The Café Francis
The Café Francis is the work of George Benjamin Luks, a spirited rebel, illustrator, and painter whose life was as tumultuous as his paintings. Luks’ style can be seen here as conspicuously less genteel than the late 18th and turn of the 19th century Portraiture art in America. Clearly, he was aware of the Modernist revolution occurring in he art studio of Europe.
Instead of the polished, flattering style so typical of portraiture in 1906, Luks’ borderline caricature, thickly laid paint, and gestural brushwork, pokes fun of the upper-class couple he captured here. Luks was one of “The Eight”—a group of early 20th century artists who banded together to promote modern approaches in the United States. The Eight, also known by critics as the Ashcan School, revolted against the “Genteel Tradition,” and were compelled to show New York life as they experienced it: exposing all its realities, roughness, and vitality.
The Ashcan artists strived to shine a light on the ordinary—rejecting polish and veneer for truthfulness and honesty. Their act of rebellion is reminiscent of the harshly-criticized Impressionists. To add to their radical art, they made the decision to educate Americans about modern art, by bringing it to America in the famous Armory Show of 1913.
Luks was a master of color in oil as well as life. He was a robust man, fond of his drink and the art of boxing, as reflected by the numerous boxing images so often portrayed in his art.

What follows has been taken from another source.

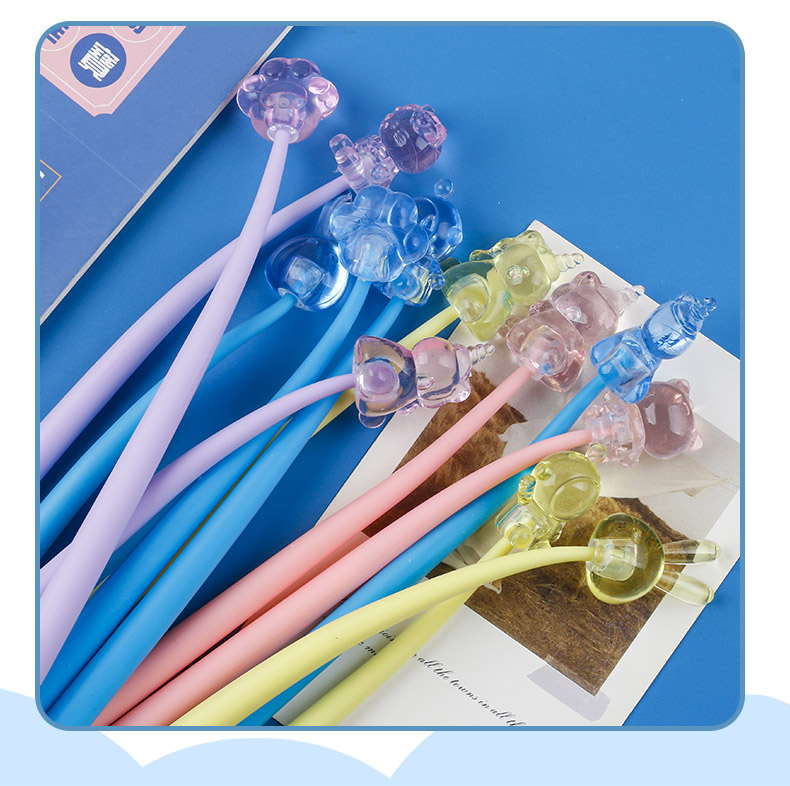 水晶公仔头摇摇乐中性笔宇航员造型创意笔ins风可爱手账中性笔详情5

Having spent his youth in Vaudeville, Luks championed the underdog and enjoyed keeping company with those down on their luck. “He is Puck, He is Caliban. He is Fallstaff,” wrote contemporary art critic James Gibbons Huneker of Luks. Then, tragically, Luks body was found in a doorway by a policeman one night in the fall of 1933. Luks died, with the same intensity he lived his life, after a bar-room brawl.